University of Texas Southwestern Medical Center Dallas, TX
J. J. Shi1, A. Yen2, S. Wang2, B. Washington2, C. Kabat2, A. Pompos2, A. Garant2, N. B. Desai2, R. Hannan2, S. N. Badiyan3, M. H. Lin2, F. C. Su4, and D. X. Yang2; 1School of Medicine, University of Texas Southwestern Medical Center, Dallas, TX, 2Department of Radiation Oncology, University of Texas Southwestern Medical Center, Dallas, TX, 3Department of Radiation Oncology, UT Southwestern Medical Center, Dallas, TX, 4University of Texas Southwestern Medical Center, Dallas, TX
Purpose/Objective(s): Adaptive MRI-guided prostate stereotactic ablative radiotherapy (SAbR) may offer improved visualization of soft tissue anatomy and direct monitoring of intra- and inter-fraction prostate motion. Current MRI-guided online adaptive workflows range from daily plan adaptation based on patient positional shifts to full plan re-optimization based on updated re-contouring; however, the selection of an optimal adaptation strategy remains undefined. In this study, we aim to compare dosimetric differences between two online adaptation strategies used for dose-intensified prostate SAbR. Materials/
Methods: We retrospectively identified prostate cancer patients treated with MRI-guided SAbR 40 Gy with simultaneous integrated boost to 45 Gy in 5 fractions using an online “adapt-to-position” (ATP) workflow accounting for positional shift.
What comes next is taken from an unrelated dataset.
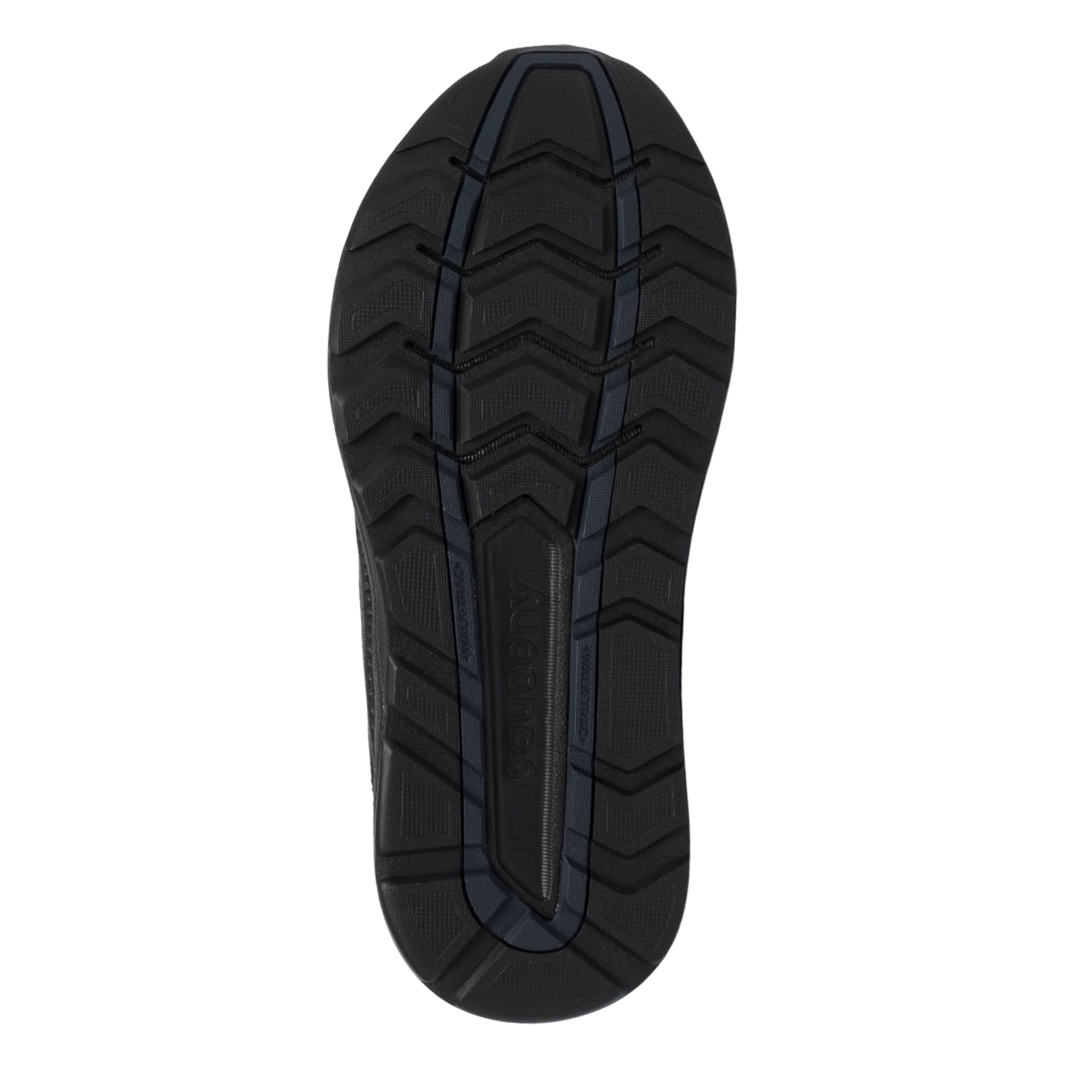 Bottom view of Saucony Echelon Walker 3 in black – featuring a non-slip rubber outsole with grippy tread pattern, durable high-abrasion zones, and WALKTRAC forefoot design for smooth heel-to-toe transitions.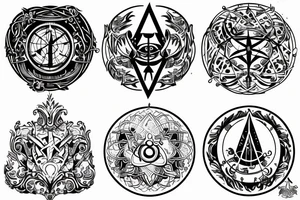 Alchemy symbols line work tattoo idea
We assessed the “delivered dose” of the adapt-to-position (dATP) workflow using updated physician-validated contours on daily MRI imaging. We also performed full plan re-optimization using the updated contours to simulate an online “adapt-to-shape” (ATS) workflow. Dosimetry differences were calculated. Results: Twenty prostate cancer patients undergoing 100 adaptive fractions were included for analysis. Patients had a median age of 68, average BMI of 28.5, and average prostate size of 47.3 mL. Average PTV V40 Gy coverage was 96.1%, 96.2%, 96.1%, and 95.9% for the reference, ATP, dATP, and ATS plans, respectively. Average PTV V45 Gy coverage was 89.7%, 89.2%, 87.9%, and 89.6%. Compared to the reference plan, the bladder maximum dose on average changed by 0.3% (IQR –0.05% to 0.84%), 1.5% (IQR –2.6% to 4.9%), and -1.3% (IQR –2.5% to 0.79%) for ATP, dATP, and ATS plans, respectively. The average change in rectum maximum dose was 0.3% (IQR –0.37% to 1.1%), 4.1% (IQR –0.01% to 8.0%), and -0.2% (IQR –1.9% to 1.7%). The average change in urethra maximum dose was 1.2% (IQR 0.41% to 1.8%), 2.4% (IQR 0.39% to 3.2%), -0.3% (IQR –0.82% to 0.45%). When comparing ATP and dATP plans, we identified one instance where bladder maximum dose increased by 15.9%, and one instance where rectum maximum dose increased by 25.3% due to inter-fraction anatomic differences. Strong correlations between anatomical volume changes and discrepancies in maximum doses between bladder-target (R=0.806) and rectum-target (R=0.820) interfaces were observed. Conclusion: ATP achieved comparable dosimetry results as ATS while maintaining an efficient positional shift adaptation workflow, though anatomic changes at the bladder- and rectum-target interface may be associated with maximum dose changes and serve as indicators for selection of an ATS strategy.